I try a spring batch partitioning database program but I have this message when I try to run the batch:
APPLICATION FAILED TO START
Description: Field job in com.example.partioner.DemoApplication required a bean of type
'org.springframework.batch.core.Job' that could not be found.
The injection point has the following annotations: - #org.springframework.beans.factory.annotation.Autowired(required=true)
Action: Consider defining a bean of type
'org.springframework.batch.core.Job' in your configuration.
This is my main class :
package com.example.partioner;
import java.util.Date;
import org.springframework.batch.core.Job;
import org.springframework.batch.core.JobExecution;
import org.springframework.batch.core.JobParameters;
import org.springframework.batch.core.JobParametersBuilder;
import org.springframework.batch.core.configuration.annotation.EnableBatchProcessing;
import org.springframework.batch.core.launch.JobLauncher;
import org.springframework.beans.factory.annotation.Autowired;
import org.springframework.boot.CommandLineRunner;
import org.springframework.boot.SpringApplication;
import org.springframework.boot.autoconfigure.SpringBootApplication;
#SpringBootApplication
#EnableBatchProcessing
public class DemoApplication implements CommandLineRunner {
#Autowired
private JobLauncher jobLauncher;
#Autowired
private Job job;
public static void main(String[] args) {
SpringApplication.run(DemoApplication.class, args);
}
#Override
public void run(String... args) throws Exception {
System.out.println("STATUS STARTED===================");
JobParameters jobParameters = new JobParametersBuilder()

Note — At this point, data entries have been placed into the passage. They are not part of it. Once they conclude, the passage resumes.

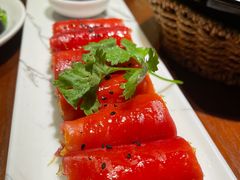 -南拳十三姨·潮汕砂锅粥(世纪金源店)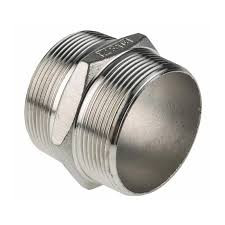 HEX NIPPLE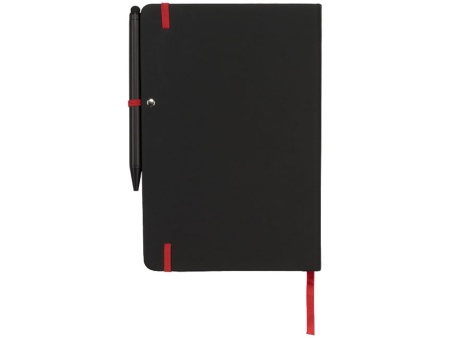 Блокнот А5 Noir Edge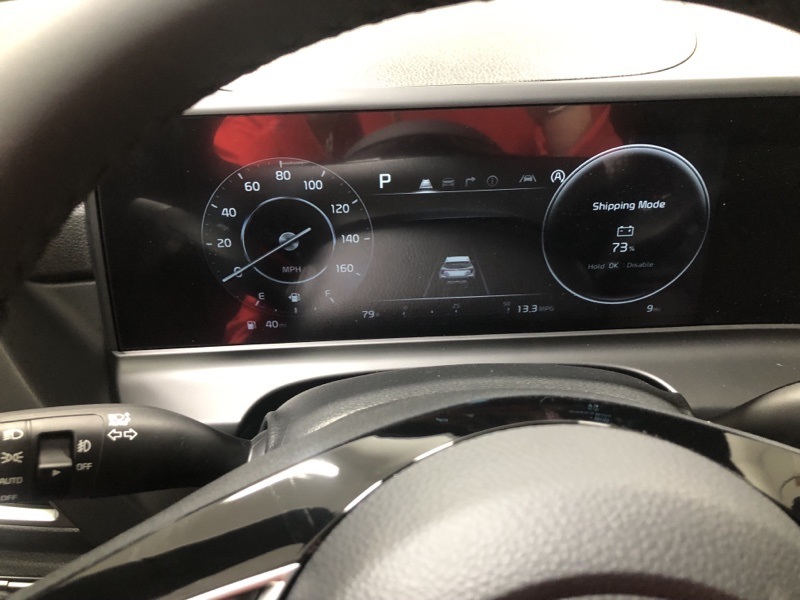 2026 Kia Seltos EX photo 21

.addString("JobId", String.valueOf(System.currentTimeMillis()))
.addDate("date", new Date())
.addLong("time",System.currentTimeMillis()).toJobParameters();
JobExecution execution = jobLauncher.run(job, jobParameters);
System.out.println("STATUS :: "+execution.getStatus());
}
}
This my jobConfig class :
package com.example.config;
import java.util.HashMap;
import java.util.Map;
import javax.sql.DataSource;
import org.springframework.batch.core.Job;
import org.springframework.batch.core.Step;
import org.springframework.batch.core.configuration.annotation.JobBuilderFactory;
import org.springframework.batch.core.configuration.annotation.StepBuilderFactory;
import org.springframework.batch.core.configuration.annotation.StepScope;
import org.springframework.batch.item.database.BeanPropertyItemSqlParameterSourceProvider;
import org.springframework.batch.item.database.JdbcBatchItemWriter;
import org.springframework.batch.item.database.JdbcPagingItemReader;
import org.springframework.batch.item.database.Order;
import org.springframework.batch.item.database.support.MySqlPagingQueryProvider;
import org.springframework.beans.factory.annotation.Autowired;
import org.springframework.beans.factory.annotation.Value;
import org.springframework.context.annotation.Bean;
import org.springframework.context.annotation.Configuration;
import org.springframework.core.task.SimpleAsyncTaskExecutor;
import com.example.mapper.CustomerRowMapper;
import com.example.model.Customer;
import com.example.partitioner.ColumnRangePartitioner;
#Configuration
public class JobConfiguration {
#Autowired
private JobBuilderFactory jobBuilderFactory;
#Autowired
private StepBuilderFactory stepBuilderFactory;
#Autowired
private DataSource dataSource;
#Bean
public ColumnRangePartitioner partitioner()
{
ColumnRangePartitioner columnRangePartitioner = new ColumnRangePartitioner();
columnRangePartitioner.setColumn("id");
columnRangePartitioner.setDataSource(dataSource);
columnRangePartitioner.setTable("customer");
return columnRangePartitioner;
}
#Bean
#StepScope
public JdbcPagingItemReader<Customer> pagingItemReader(
#Value("#{stepExecutionContext['minValue']}") Long minValue,
#Value("#{stepExecutionContext['maxValue']}") Long maxValue)
{
System.out.println("reading " + minValue + " to " + maxValue);
Map<String, Order> sortKeys = new HashMap<>();
sortKeys.put("id", Order.ASCENDING);
MySqlPagingQueryProvider queryProvider = new MySqlPagingQueryProvider();
queryProvider.setSelectClause("id, firstName, lastName, birthdate");
queryProvider.setFromClause("from customer");
queryProvider.setWhereClause("where id >= " + minValue + " and id < " + maxValue);
queryProvider.setSortKeys(sortKeys);
JdbcPagingItemReader<Customer> reader = new JdbcPagingItemReader<>();
reader.setDataSource(this.dataSource);
reader.setFetchSize(10);
reader.setRowMapper(new CustomerRowMapper());
reader.setQueryProvider(queryProvider);
return reader;
}
#Bean
#StepScope
public JdbcBatchItemWriter<Customer> customerItemWriter()
{
JdbcBatchItemWriter<Customer> itemWriter = new JdbcBatchItemWriter<>();
itemWriter.setDataSource(dataSource);
itemWriter.setSql("INSERT INTO NEW_CUSTOMER VALUES (:id, :firstName, :lastName, :birthdate)");
itemWriter.setItemSqlParameterSourceProvider
(new BeanPropertyItemSqlParameterSourceProvider<>());
itemWriter.afterPropertiesSet();
return itemWriter;
}
#Bean
public Step slaveStep()
{
return stepBuilderFactory.get("slaveStep")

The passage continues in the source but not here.